Monday, December 20, 2010

Stabs in the Dark

Gail suggests going to 64 pes

Suspicion attends to "MAX_TASKS_PER_NODE" value="4" ; I changed it to 16. It shoul;d probably be either 16 or 1.

also the telltale failure to run "module" is a module load netcdf/3.6.2

I did this manually.

This adds three variables. So if it works there are three things to unwind.

bah - tried configure -cleanmach, but it remembered the old CASEROOT. Now I;ve clobbered both runs!
Sure enough, you can;t set the shell in a script called by the qsub script; you have to specifiy it in the qsubscript.

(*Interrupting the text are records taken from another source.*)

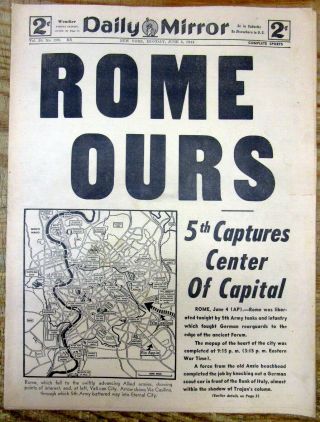 Best 1944 Ww Ii Display Headline Newspaper Allies Capture Rome Italy Frm Germany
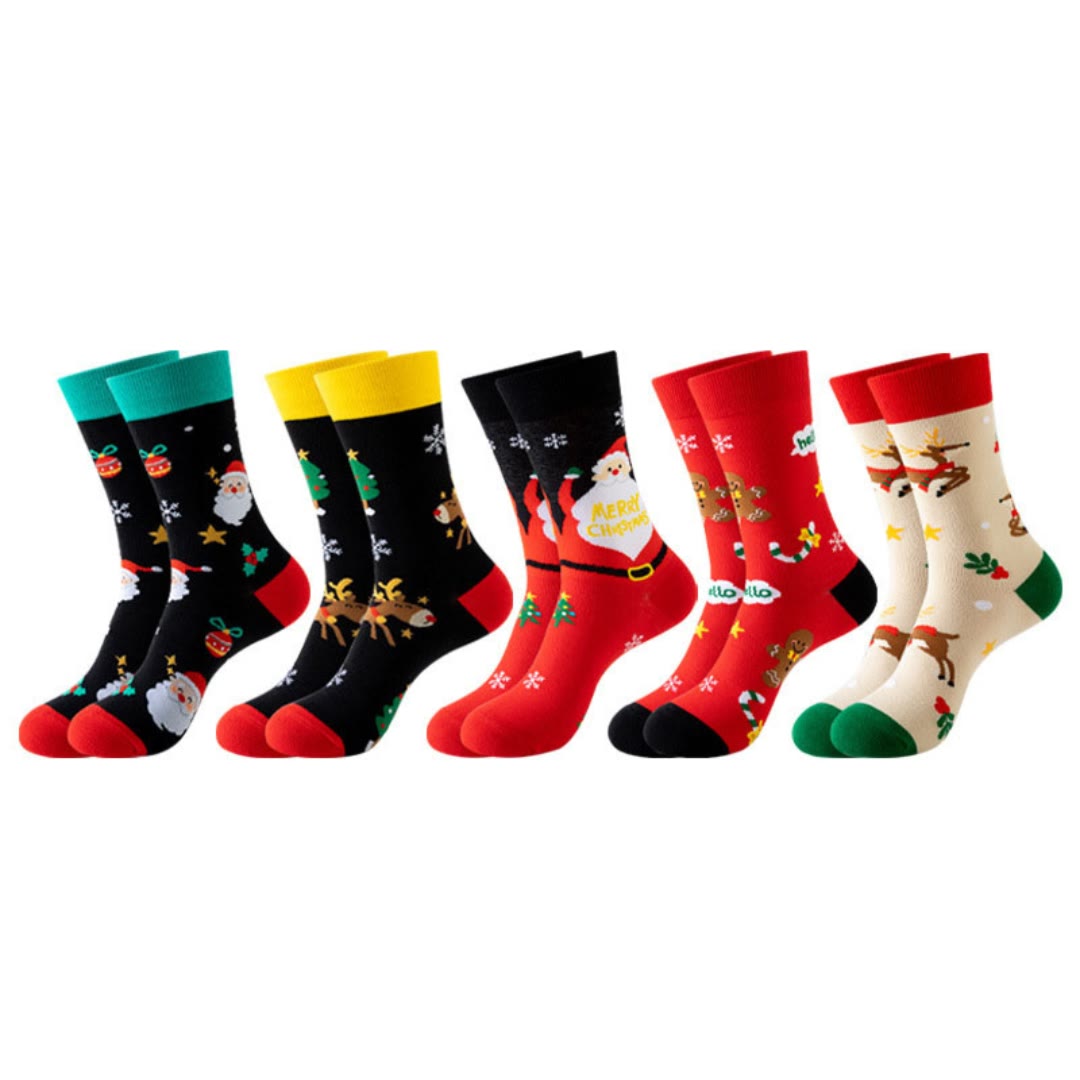 Chaussettes à motif de Noël (3 paires) - Multicolore A - EU37-44 (US4-10) - image 15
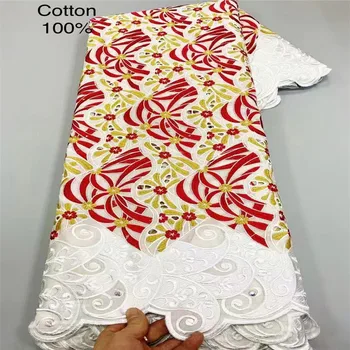 5 dvore Švajčiarskej čipky textílie 2021 najnovšie ťažké vyšívanie korálkami Afriky bavlnené tkaniny Swiss voile čipky populárne Dubaj štýl 7L09053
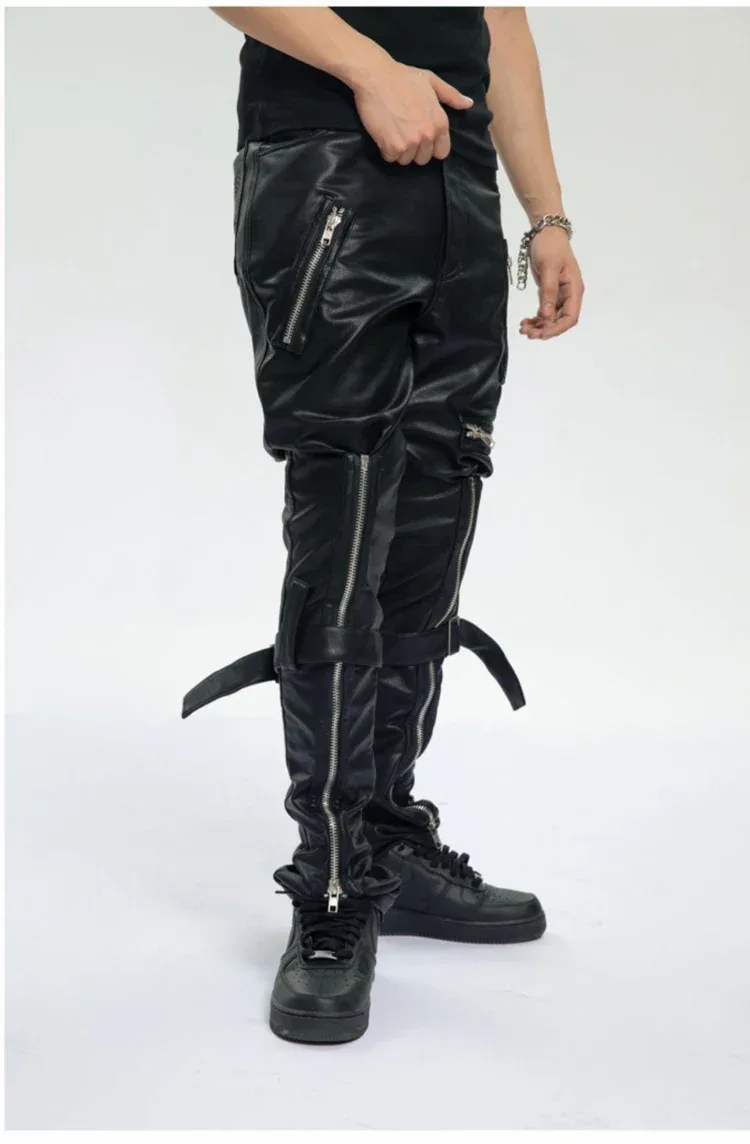 Mauroicardi Spring Autumn Cool Black Pu Leather Pants Men with Many Zippers Belt Luxury Designer Clothing Trousers Fashions 2023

I now have sort of got it running:

- CCSM input data directory, DIN_LOC_ROOT_CSMDATA, is /work/00671/tobis/inputdata
- Case input data directory, DIN_LOC_ROOT, is /work/00671/tobis/inputdata
- Checking the existence of input datasets in DIN_LOC_ROOT
rm: No match.
Fri Dec 17 17:41:16 CST 2010 -- CSM EXECUTION BEGINS HERE
Fri Dec 17 17:41:20 CST 2010 -- CSM EXECUTION HAS FINISHED
ls: No match.
Model did not complete - no cpl.log file present - exiting
TACC: Cleaning up after job: 1731370
TACC: Done.

To be clear, I have now loaded the executable, which promptly died without leaving a clue as to why anywhere that is obvious. Of course, who knows where it thinks it ought to leave the clue. I have set "find" the task of finding files created over the weekend. It is amazingly slow, though.

This still amounts to progress: after a week I have actually got the thing to lurch to life and die.

Life in the fast lane.


it says, 32 times,

MPI_Group_range_incl(170).........: MPI_Group_range_incl(group=0x88000000, n=1, ranges=0x48edec0, new_group=0x7fffc8173f2c) failed
MPIR_Group_check_valid_ranges(302): The 0th element of a range array ends at 31 but must be nonnegative and less than 1
MPI process terminated unexpectedly

OK, before I go whining around, I will try to redo everything.

Friday, December 17, 2010

Pretty weird

You didn;t expect it to actually run did you?

But the failure is damned peculiar

#!/bin/csh -f

foreach i (env_case.xml env_run.xml env_conf.xml env_build.xml env_mach_pes.xml)

fails with

TACC: Done.
./Tools/ccsm_getenv: line 9: syntax error near unexpected token `('
./Tools/ccsm_getenv: line 9: `foreach i (env_case.xml env_run.xml env_conf.xml
env_build.xml env_mach_pes.xml)'
TACC: Cleaning up after job: 1729536
TACC: Done.

The thing is, it's perfectly valid csh; the error message is the one bash would issue!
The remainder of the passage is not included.